Exercise details :: An exact copy of the data below is needed; please leave out any pictures.

** Source material follows **

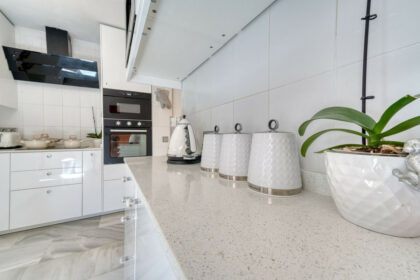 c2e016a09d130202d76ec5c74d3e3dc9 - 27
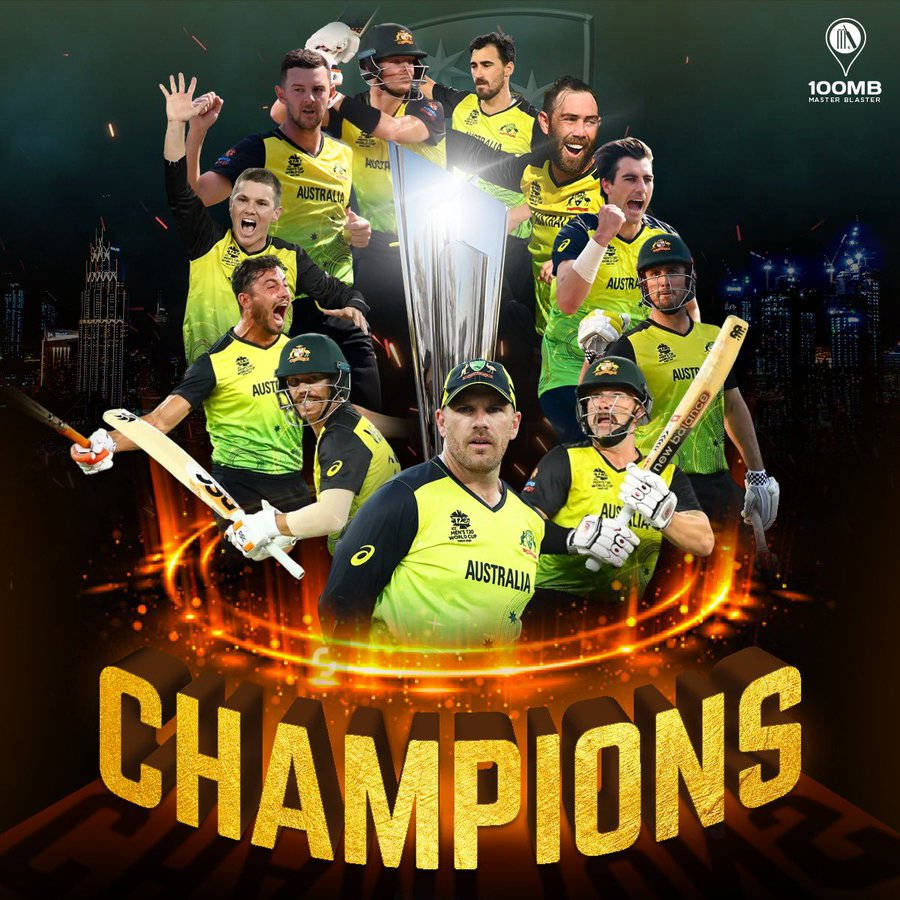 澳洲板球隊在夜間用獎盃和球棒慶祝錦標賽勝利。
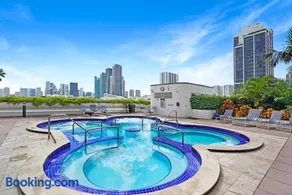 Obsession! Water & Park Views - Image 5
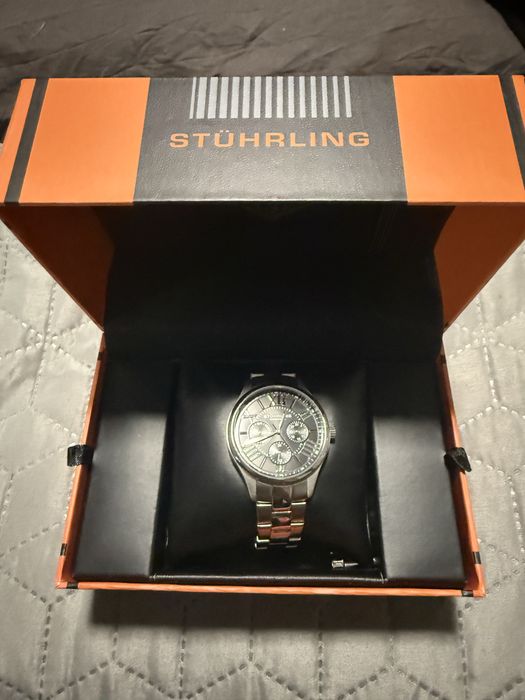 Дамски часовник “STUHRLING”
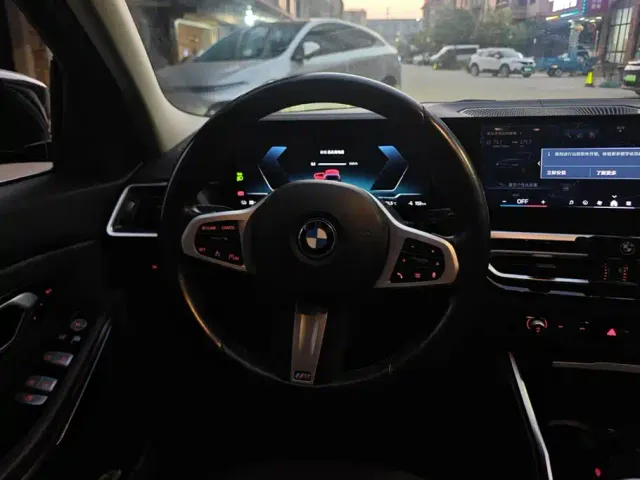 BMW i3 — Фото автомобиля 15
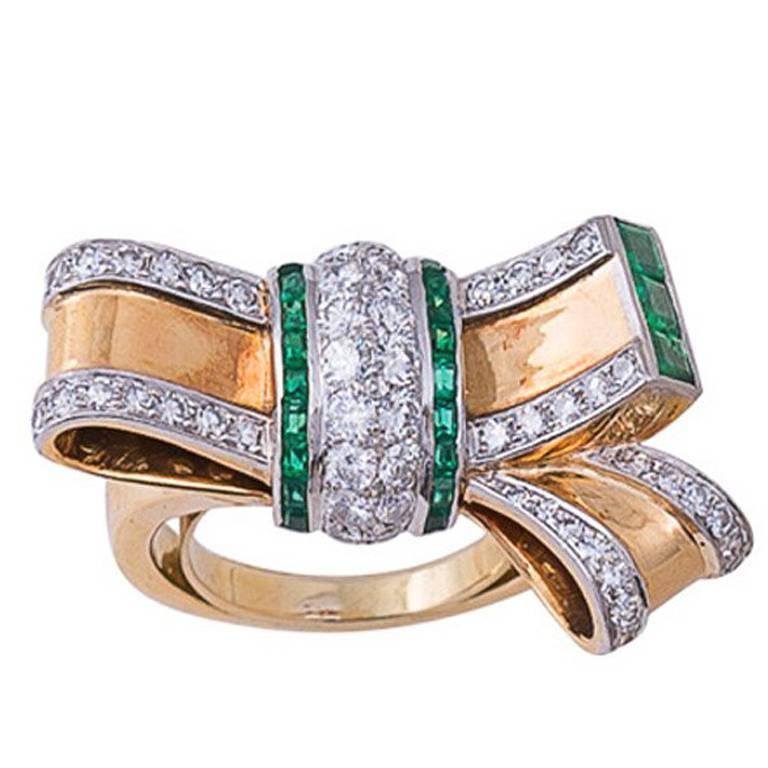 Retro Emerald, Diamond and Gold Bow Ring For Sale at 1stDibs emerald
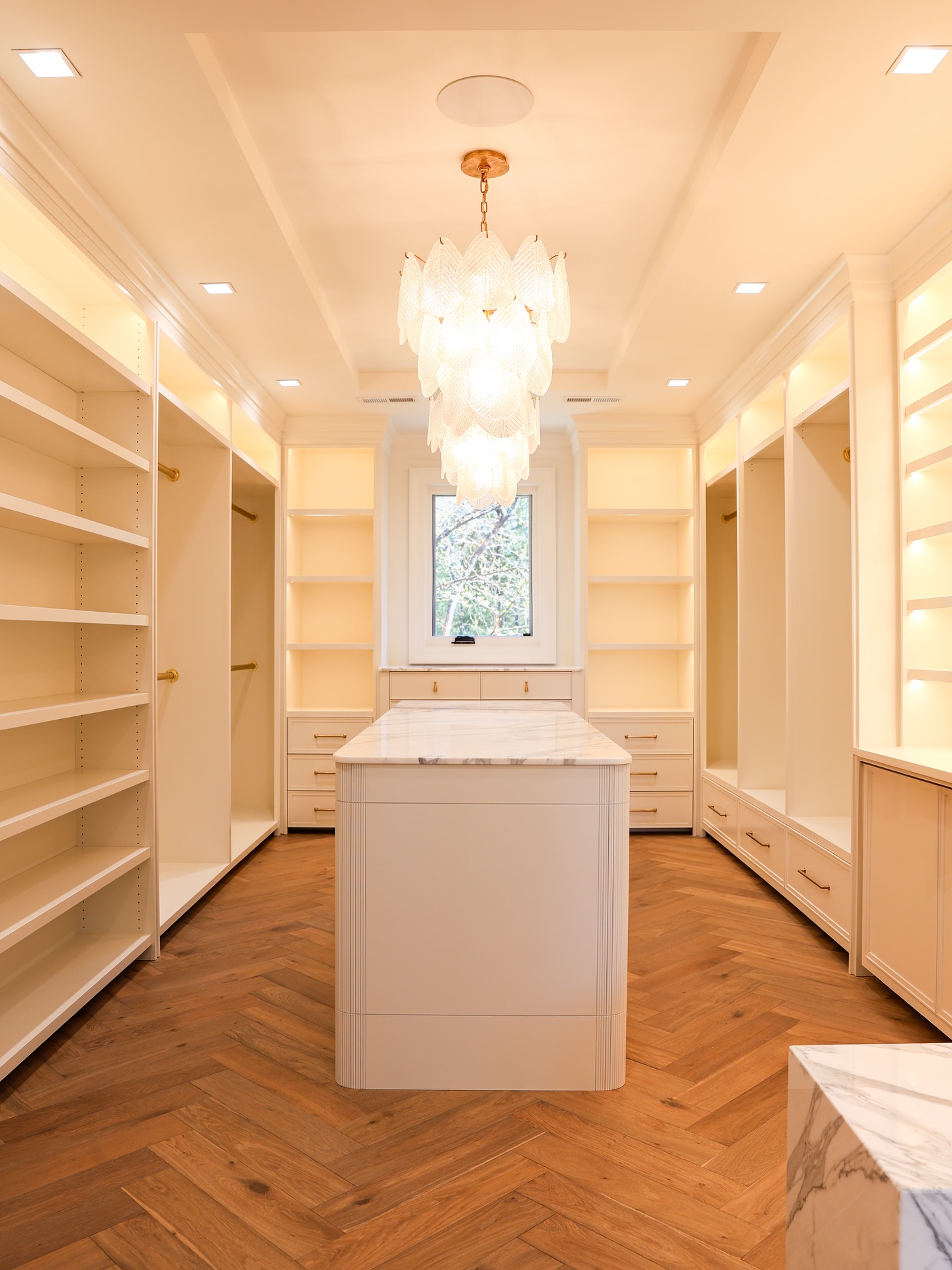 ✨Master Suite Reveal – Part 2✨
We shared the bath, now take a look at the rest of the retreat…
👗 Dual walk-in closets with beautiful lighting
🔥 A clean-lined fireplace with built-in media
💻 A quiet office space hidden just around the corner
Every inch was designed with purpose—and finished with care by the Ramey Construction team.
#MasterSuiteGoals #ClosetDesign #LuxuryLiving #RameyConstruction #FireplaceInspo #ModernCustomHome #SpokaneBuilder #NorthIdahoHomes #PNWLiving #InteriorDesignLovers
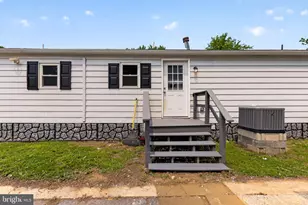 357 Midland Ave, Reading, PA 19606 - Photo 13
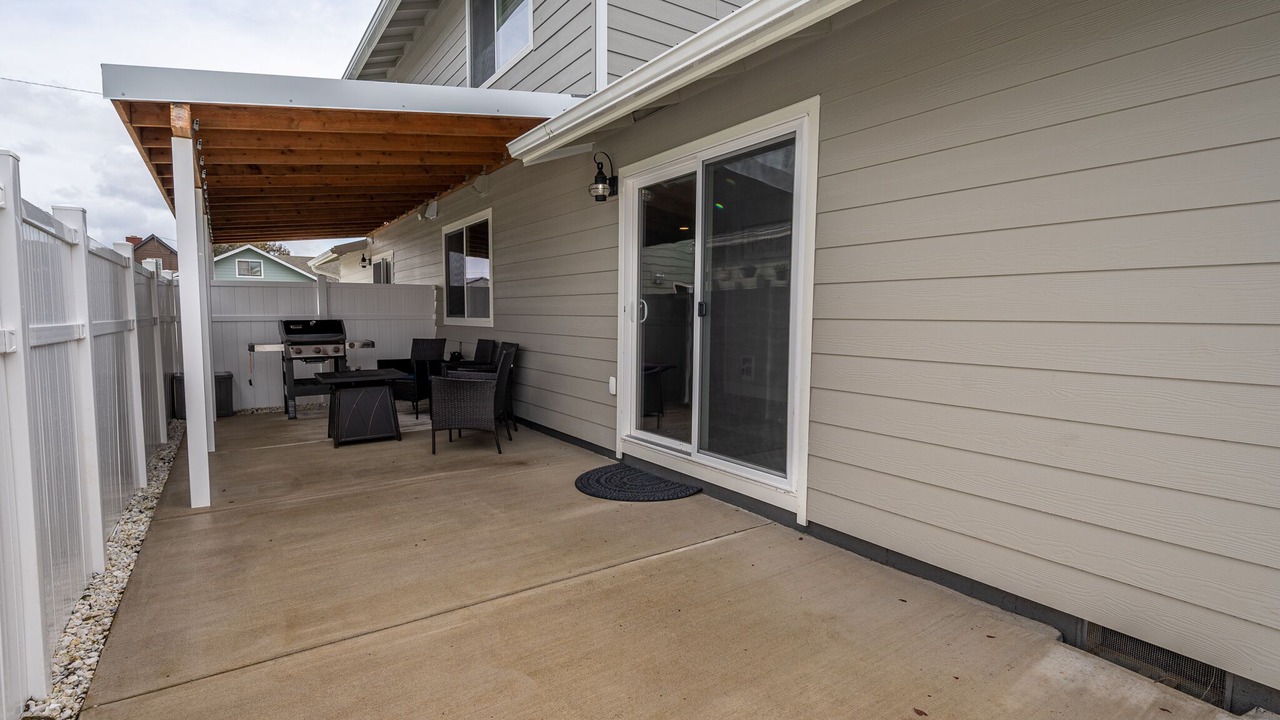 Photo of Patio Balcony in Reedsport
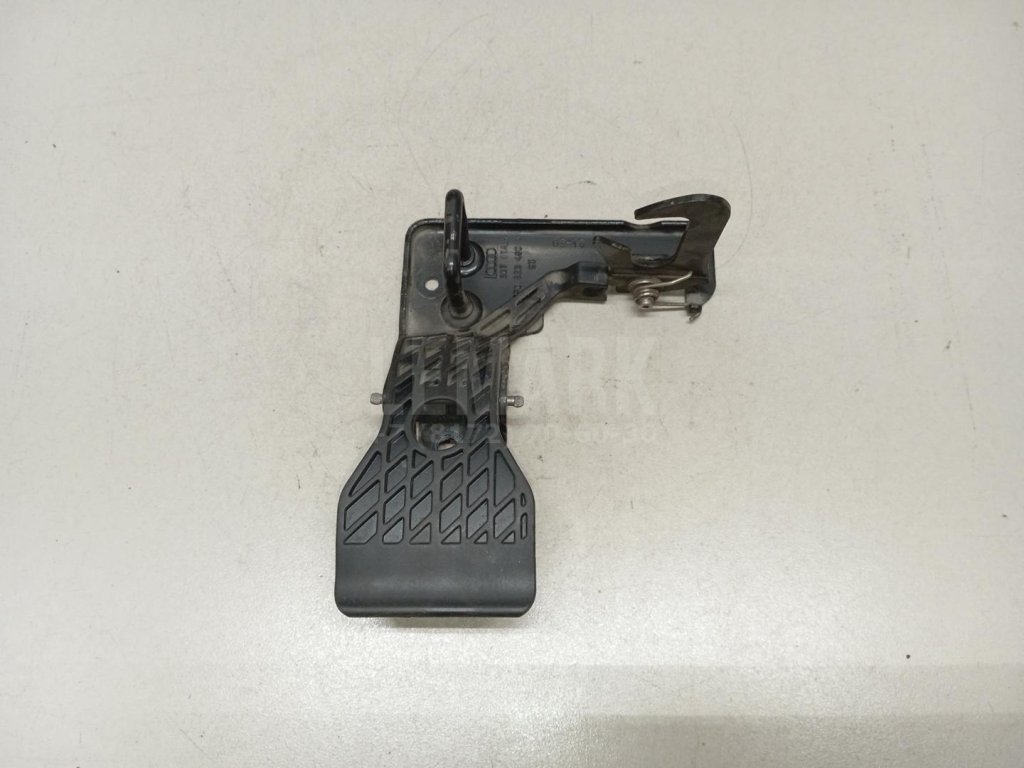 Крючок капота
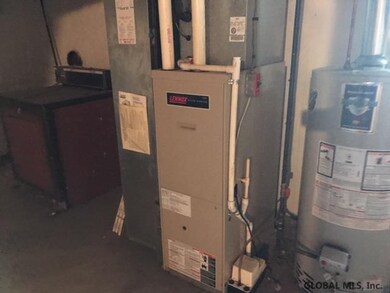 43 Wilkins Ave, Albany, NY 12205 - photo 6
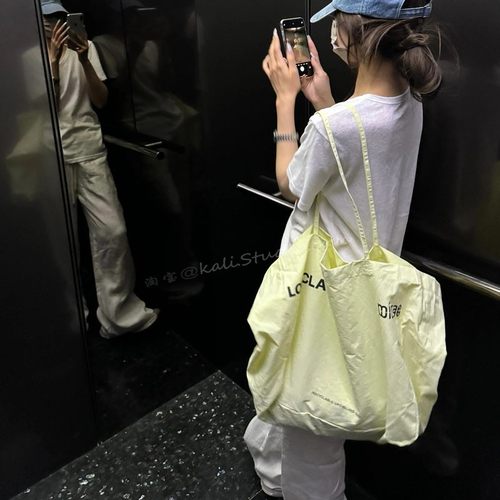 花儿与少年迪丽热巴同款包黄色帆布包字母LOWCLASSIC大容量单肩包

** End of Source material **

Response box ::
 c2e016a09d130202d76ec5c74d3e3dc9 - 27
 澳洲板球隊在夜間用獎盃和球棒慶祝錦標賽勝利。
 Obsession! Water & Park Views - Image 5
 Дамски часовник “STUHRLING”
 BMW i3 — Фото автомобиля 15
 Retro Emerald, Diamond and Gold Bow Ring For Sale at 1stDibs emerald
 ✨Master Suite Reveal – Part 2✨
We shared the bath, now take a look at the rest of the retreat…
👗 Dual walk-in closets with beautiful lighting
🔥 A clean-lined fireplace with built-in media
💻 A quiet office space hidden just around the corner
Every inch was designed with purpose—and finished with care by the Ramey Construction team.
#MasterSuiteGoals #ClosetDesign #LuxuryLiving #RameyConstruction #FireplaceInspo #ModernCustomHome #SpokaneBuilder #NorthIdahoHomes #PNWLiving #InteriorDesignLovers
 357 Midland Ave, Reading, PA 19606 - Photo 13
 Photo of Patio Balcony in Reedsport
 Крючок капота
 43 Wilkins Ave, Albany, NY 12205 - photo 6
 花儿与少年迪丽热巴同款包黄色帆布包字母LOWCLASSIC大容量单肩包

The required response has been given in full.